Dramaturgi Pameran Conversation

0
721
Suasana pembukaan Pameran “Conversation: Endless Acts in Human History” di Galeri Nasional Indonesia
Suasana pembukaan Pameran “Conversation: Endless Acts in Human History” di Galeri Nasional Indonesia

Pameran “Conversation: Endless Acts in Human History” telah resmi dibuka pada Kamis malam, 14 Januari 2016 di Gedung A Galeri Nasional Indonesia. Pameran ini menyajikan karya-karya apik hasil kolaborasi perupa lintas negara, yaitu Entang Wiharso (Indonesia) dan Sally Smart (Australia), dengan kurator Suwarno Wisetrotomo (Indonesia) dan co-kurator Natalie King (Australia).

Berbicara tentang karya-karya Entang dan Sally, Suwarno mengutip kalimat masing-masing perupa tersebut. “Mengutip kalimat Entang Wiharso, karya-karya ini seperti menggaruk rasa gatal. Saya memaknai kalimat tersebut seperti ini, ada aktivitas yang dilakukan secara berulang-ulang, ada rasa perih, namun nikmat sehingga seperti ketagihan. Sedangkan Sally berkata, karya-karyanya seperti menambal sobekan yang kemudian tertambal namun meninggalkan bekas,” lanjut Suwarno.

Kalimat Entang dan Sally tersebut memang berbeda, namun menurut Suwarno keduanya meninggalkan jejak dan memiliki cara kerja yang setipe. “Mereka memotong, menggunting, membuang, merekonstruksi, memotong lagi, menggunting lagi, begitu seterusnya. Pola kerja seperti itu tidak direncanakan seratus persen, tapi merupakan pilihan cara kerja mereka,” papar Suwarno.

Selain cara kerja, kedua perupa juga memiliki kemiripan gagasan. Entang dan Sally sama-sama menyajikan percakapan manusia dan kemanusiaan sepanjang hayat. “Saya mengembangkan isu toleransi, menembus pagar jeruji tentang etika. Ketika etika dilanggar, maka akan bertransformasi menjadi binatang. Manusia membuat kekerasan untuk kesenangan, sedangkan binatang untuk bertahan hidup,” papar Entang mengenai salah satu pesannya dalam karya-karyanya.

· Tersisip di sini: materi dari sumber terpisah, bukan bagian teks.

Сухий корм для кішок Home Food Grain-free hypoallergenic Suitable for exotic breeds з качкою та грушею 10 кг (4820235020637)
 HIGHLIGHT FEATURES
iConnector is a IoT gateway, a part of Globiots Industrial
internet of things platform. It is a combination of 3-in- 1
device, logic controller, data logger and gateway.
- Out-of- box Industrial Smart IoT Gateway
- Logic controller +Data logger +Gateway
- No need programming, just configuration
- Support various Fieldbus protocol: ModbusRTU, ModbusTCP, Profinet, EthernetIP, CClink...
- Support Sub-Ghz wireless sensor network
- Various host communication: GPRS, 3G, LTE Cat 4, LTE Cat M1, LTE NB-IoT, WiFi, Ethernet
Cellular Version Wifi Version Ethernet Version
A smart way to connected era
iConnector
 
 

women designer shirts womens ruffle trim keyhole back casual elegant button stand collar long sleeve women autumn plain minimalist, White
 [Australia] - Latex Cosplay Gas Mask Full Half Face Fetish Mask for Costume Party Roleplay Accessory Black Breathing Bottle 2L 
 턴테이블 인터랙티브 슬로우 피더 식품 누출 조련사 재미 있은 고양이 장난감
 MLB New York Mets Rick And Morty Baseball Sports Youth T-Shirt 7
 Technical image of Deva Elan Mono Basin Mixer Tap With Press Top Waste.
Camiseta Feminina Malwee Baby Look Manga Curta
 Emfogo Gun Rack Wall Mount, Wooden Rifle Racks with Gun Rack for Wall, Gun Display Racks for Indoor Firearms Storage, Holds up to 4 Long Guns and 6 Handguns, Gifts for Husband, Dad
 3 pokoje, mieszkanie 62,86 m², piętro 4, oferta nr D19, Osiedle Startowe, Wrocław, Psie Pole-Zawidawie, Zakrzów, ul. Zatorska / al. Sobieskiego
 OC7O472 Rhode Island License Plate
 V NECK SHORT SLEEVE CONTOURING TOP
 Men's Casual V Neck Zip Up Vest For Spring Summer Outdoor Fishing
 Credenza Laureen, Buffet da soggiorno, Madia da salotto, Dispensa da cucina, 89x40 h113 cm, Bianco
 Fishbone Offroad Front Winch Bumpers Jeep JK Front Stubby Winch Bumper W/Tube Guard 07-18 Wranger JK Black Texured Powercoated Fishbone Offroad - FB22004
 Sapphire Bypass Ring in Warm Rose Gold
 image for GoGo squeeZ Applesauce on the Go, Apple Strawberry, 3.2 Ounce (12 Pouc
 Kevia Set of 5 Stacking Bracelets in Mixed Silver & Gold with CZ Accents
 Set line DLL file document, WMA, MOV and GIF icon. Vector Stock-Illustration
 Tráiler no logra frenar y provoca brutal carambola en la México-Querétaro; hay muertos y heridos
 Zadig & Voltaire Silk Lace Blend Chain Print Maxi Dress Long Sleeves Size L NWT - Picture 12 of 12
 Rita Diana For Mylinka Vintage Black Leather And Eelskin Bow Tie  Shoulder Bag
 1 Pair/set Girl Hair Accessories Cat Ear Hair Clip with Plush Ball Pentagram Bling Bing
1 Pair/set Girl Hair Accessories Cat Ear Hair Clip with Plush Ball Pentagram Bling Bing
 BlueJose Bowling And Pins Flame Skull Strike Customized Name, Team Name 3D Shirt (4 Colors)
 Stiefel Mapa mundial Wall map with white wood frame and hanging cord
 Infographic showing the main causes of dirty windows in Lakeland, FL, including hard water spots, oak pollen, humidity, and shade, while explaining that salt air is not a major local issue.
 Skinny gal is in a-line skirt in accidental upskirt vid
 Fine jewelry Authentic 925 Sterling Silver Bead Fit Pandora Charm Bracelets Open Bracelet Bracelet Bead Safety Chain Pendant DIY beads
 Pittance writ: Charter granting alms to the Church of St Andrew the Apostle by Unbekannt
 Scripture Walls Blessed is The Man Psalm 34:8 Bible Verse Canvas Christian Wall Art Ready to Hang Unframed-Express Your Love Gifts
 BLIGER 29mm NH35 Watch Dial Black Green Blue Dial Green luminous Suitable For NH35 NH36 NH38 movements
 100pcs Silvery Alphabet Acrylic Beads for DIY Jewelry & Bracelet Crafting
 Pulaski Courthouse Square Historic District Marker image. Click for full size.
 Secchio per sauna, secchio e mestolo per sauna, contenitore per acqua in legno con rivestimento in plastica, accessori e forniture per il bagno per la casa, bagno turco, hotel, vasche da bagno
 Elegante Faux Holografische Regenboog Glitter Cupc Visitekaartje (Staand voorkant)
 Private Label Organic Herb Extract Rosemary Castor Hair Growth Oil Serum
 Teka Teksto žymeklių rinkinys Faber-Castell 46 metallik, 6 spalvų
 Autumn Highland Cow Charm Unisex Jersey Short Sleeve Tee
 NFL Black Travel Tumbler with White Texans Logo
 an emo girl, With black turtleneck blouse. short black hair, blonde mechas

Gagasan Entang tersebut diwujudkannya dalam karya intalasi berbahan aluminium yang menjadi ciri khasnya. Namun dalam pameran kali ini, Entang juga menyajikan sesuatu yang baru. Ia mencoba bermain dengan bahan akrilik. Entang menempatkan potongan-potongan ingatannya dalam banyak akrilik ukuran kecil-kecil sehingga tersusun lembaran memorinya dalam sebuah karya berjudul Self Portrait. Selain itu, Entang juga menampilkan karya patung instalatif.

Sedangkan Sally menunjukkan kekentalan gayanya dengan karya kolase instalatif berbahan mixed media. Selain mengusung pesan moral dan sosial, Sally juga menyuntikkan isu lingkungan hidup pada beberapa karyanya. Sally dalam sambutannya tidak banyak bercerita tentang karyanya. Ia justru lebih banyak berterima kasih kepada seluruh pihak yang telah mendukungnya sehingga sukses menyelenggarakan pameran ini bersama seniman Indonesia di Indonesia. “He is a most wonderful friend,” puji Sally ditujukan pada Entang.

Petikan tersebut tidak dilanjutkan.